ZeroRPC for heavy machine learning tasks

Guy Pikachu

unread,

May 1, 2014, 10:34:51 PM5/1/14

to zer...@googlegroups.com

Hi everyone!

I am using ZeroRPC to act as a communication path for submitting heavy machine learning analytics jobs.
I am quite new to scaling applications. My concern is whether the code below is scalable for many
job processes and many servers.

More specifically: on the second script below, when someone calls client.invoke method, it will take a very long time
to process (since it is a heavy machine learning task). If someone calls the client.invoke method, a thousand times,
 my concern is that my application will go really slow, because there are 1000 hanging requests which are waiting for responses
from the server.

Thanks for any help!
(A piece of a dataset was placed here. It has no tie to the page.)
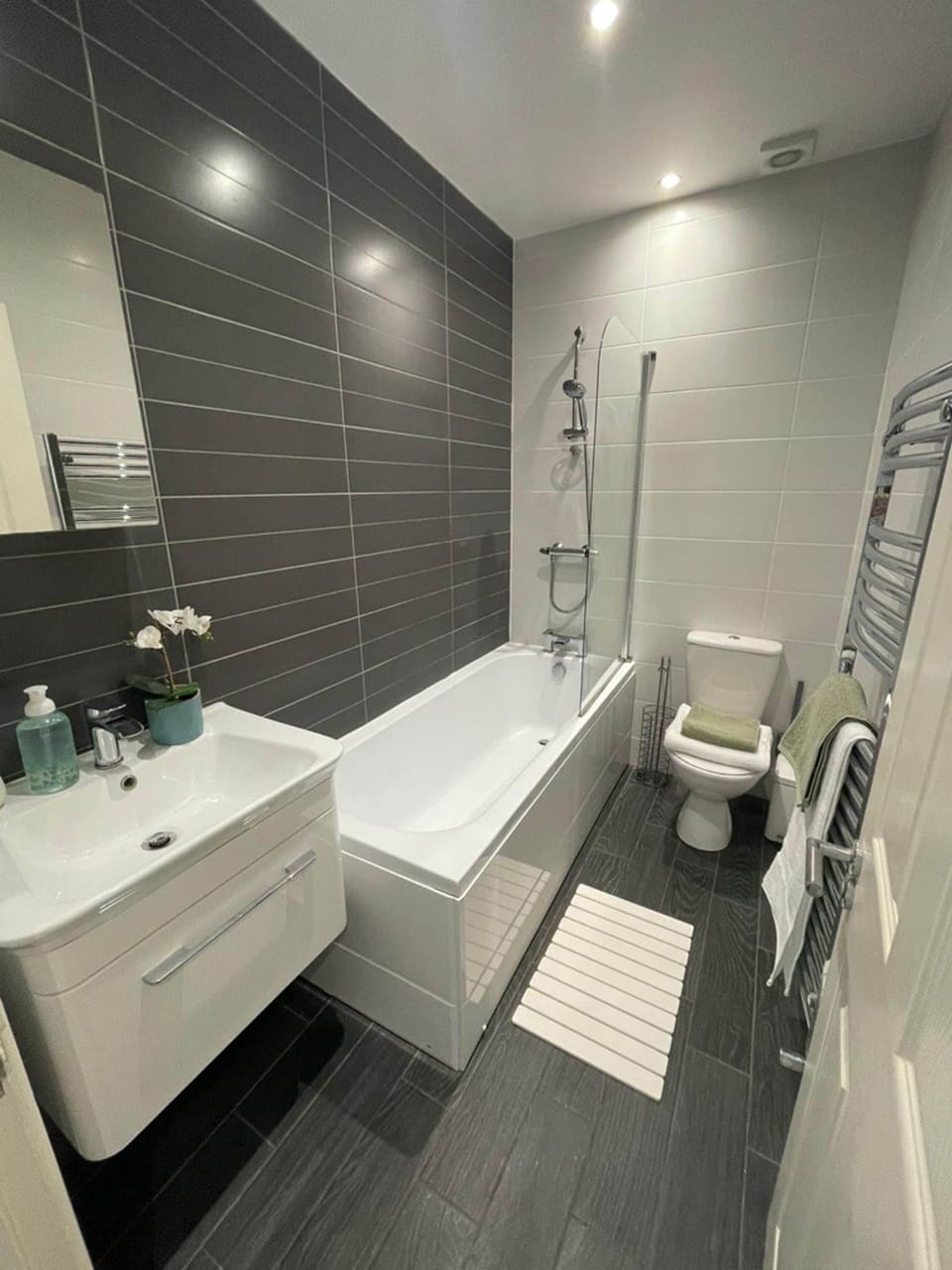 House | 1 bedroom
Let me know if I should clarify anything.

import zerorpc
import this_takes_really_long_to_process from sklearn

class HelloRPC(object):
    def cluster(self, data):
        #Some crazy analytics will be performed, then the results of this will be sent to Node!
        return this_takes_really_long_to_process(data)
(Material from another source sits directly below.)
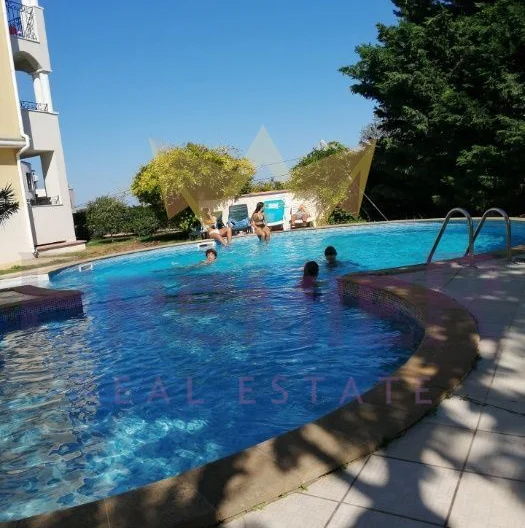 ДВУСТАЕН АПАРТАМЕНТ СВ СВ КОНСТАНТИН И ЕЛЕНА ЗАТВОРЕН КОМПЛЕКС С БАСЕЙН -  - снимка 12 - Имоти Премиер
s = zerorpc.Server(HelloRPC())
s.bind("tcp://0.0.0.0:4242")
s.run()

var zerorpc = require("zerorpc");

var client = new zerorpc.Client();
client.connect("tcp://127.0.0.1:4242");

//Hmm, what if the code below gets executed a thousand times? Will there be performance issues due to many hanging requests?
client.invoke("cluster", "RPC", function(error, res, more) {
    console.log(res);
});

François-Xavier Bourlet

unread,

May 2, 2014, 3:00:38 PM5/2/14

to zer...@googlegroups.com

I assume your heavy processing is CPU bound (the opposite, IO bound
would spend its time waiting, thus available to process more task side
by side).

- Every request will have to wait after each others (makes sense
after all). If you want more truly concurrent execution, you will have
to throw more CPU cores at it: that's it, run more instance of your
server.

- On the server in Python, watch out for blocking too long the gevent
loop. If you do heaving processing that never cooperates with the
gevent loop, zerorpc wont be executing, which means loss of
heartbeats.
Depending of your project, you could cooperatively yield via
gevent.sleep(0). But most often this is not practicable and breaks
your code encapsulation. You could disable zerorpc heartbeats, but
that would be a shame. I will propose a more scalable solution below.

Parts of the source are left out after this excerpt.